◆ **PROBLEM DETAILS**
In the copy, include all of the listing exactly and none of its pictures.

◆ **AVAILABLE DATA**
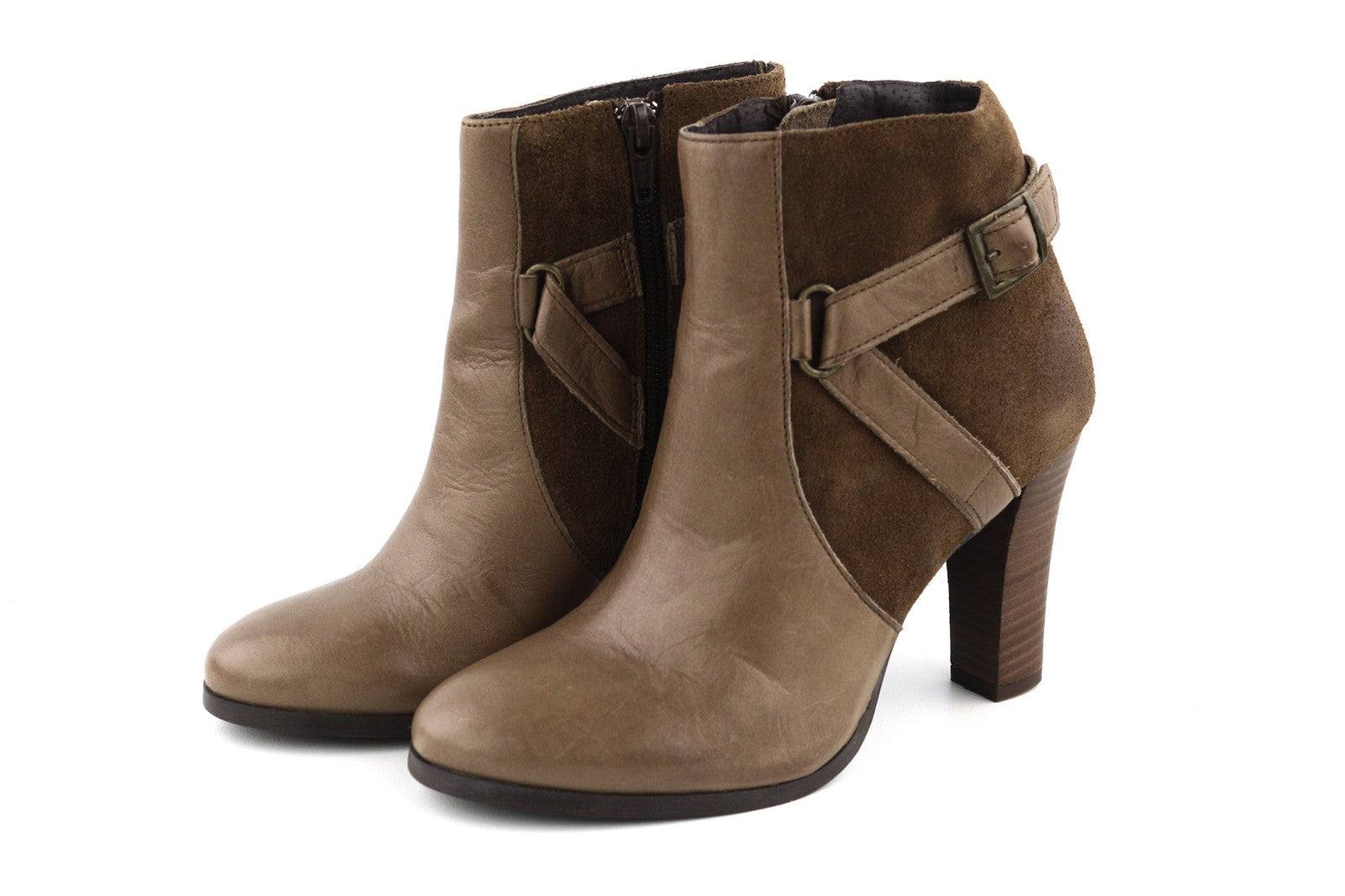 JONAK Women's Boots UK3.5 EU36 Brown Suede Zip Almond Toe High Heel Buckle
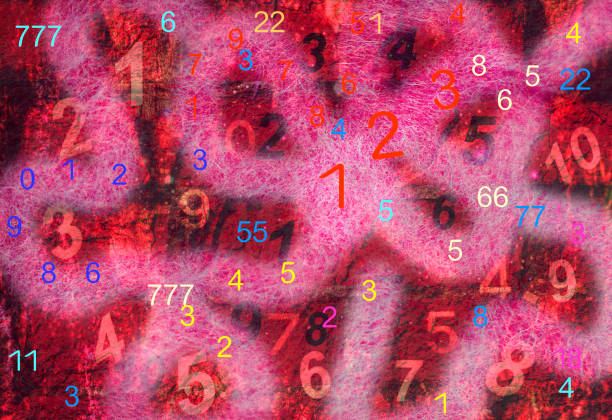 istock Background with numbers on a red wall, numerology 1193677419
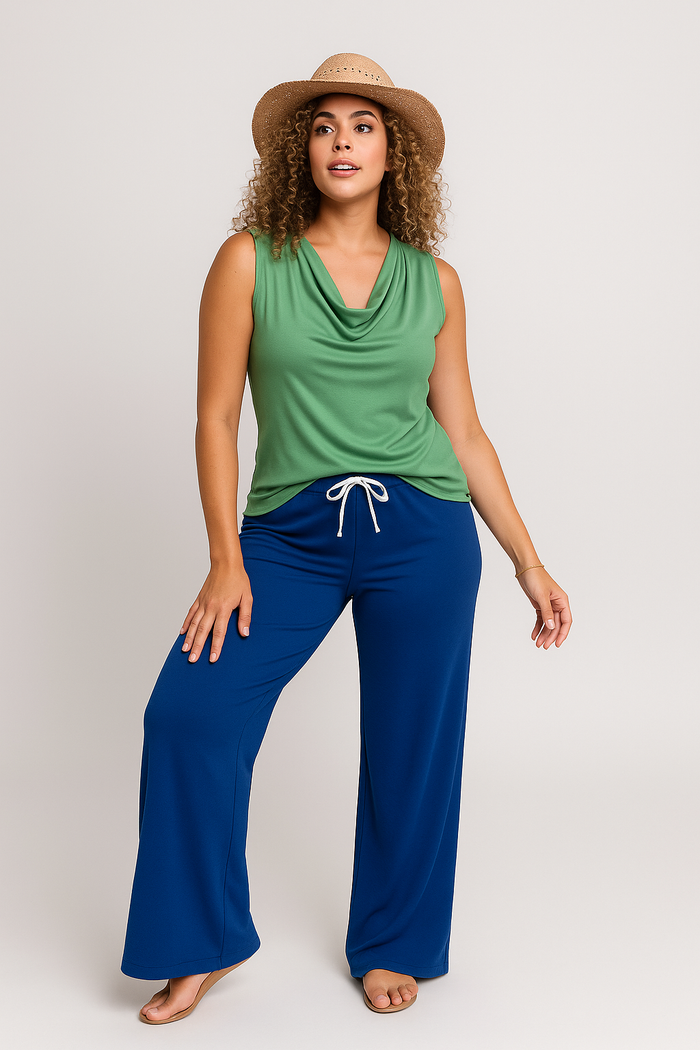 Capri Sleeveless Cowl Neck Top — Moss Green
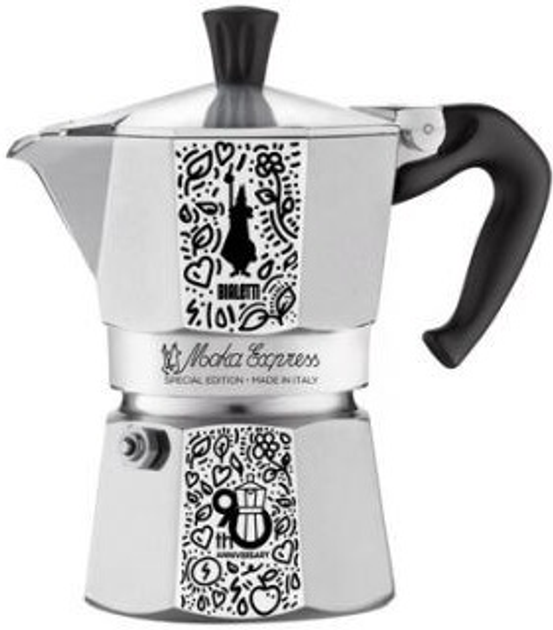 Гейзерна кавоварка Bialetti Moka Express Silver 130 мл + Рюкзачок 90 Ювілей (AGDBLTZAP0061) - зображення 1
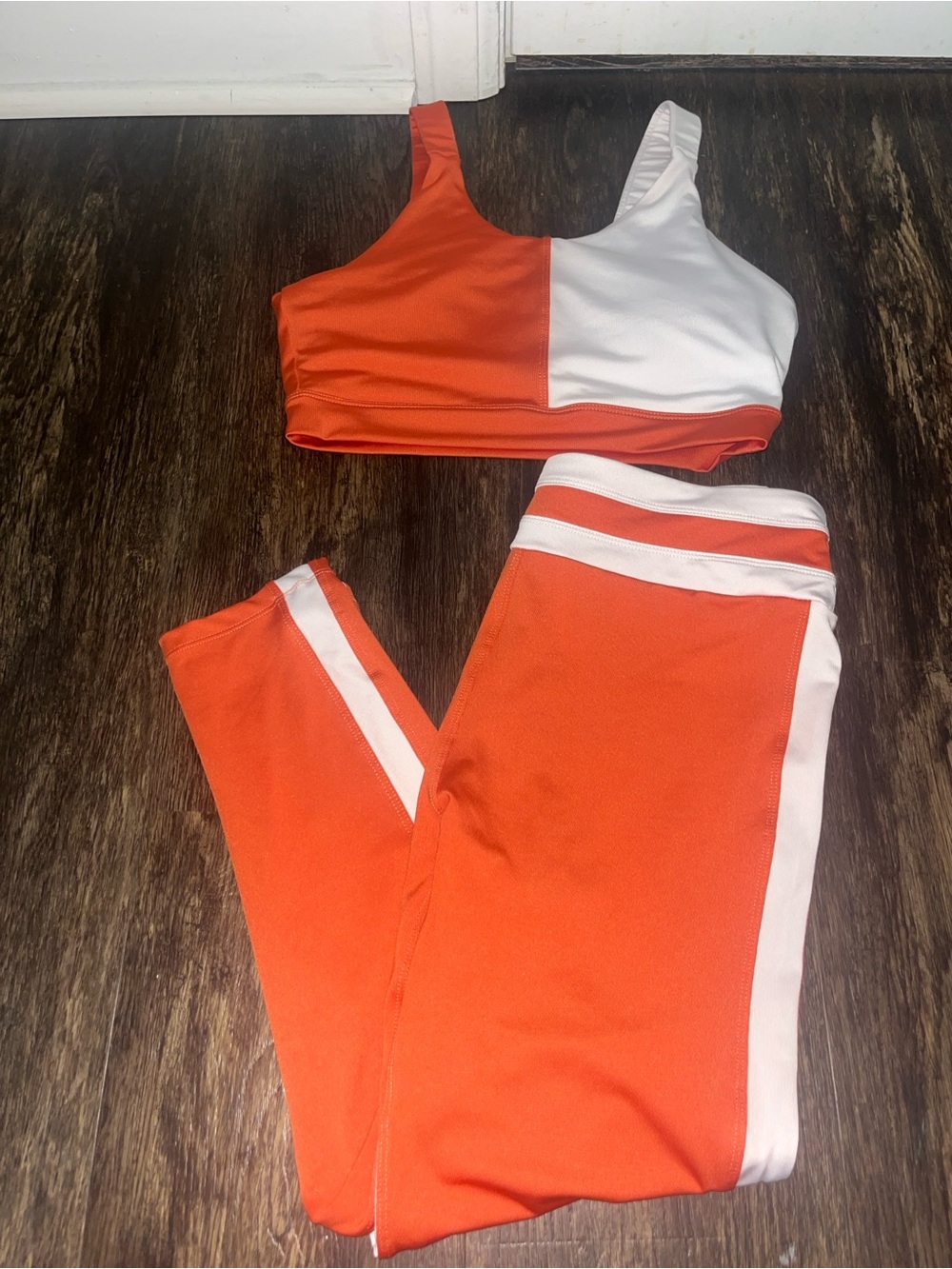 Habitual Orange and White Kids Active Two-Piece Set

◆ **ANSWER TO THIS PROBLEM**
 JONAK Women's Boots UK3.5 EU36 Brown Suede Zip Almond Toe High Heel Buckle
 istock Background with numbers on a red wall, numerology 1193677419
 Capri Sleeveless Cowl Neck Top — Moss Green
 Гейзерна кавоварка Bialetti Moka Express Silver 130 мл + Рюкзачок 90 Ювілей (AGDBLTZAP0061) - зображення 1
 Habitual Orange and White Kids Active Two-Piece Set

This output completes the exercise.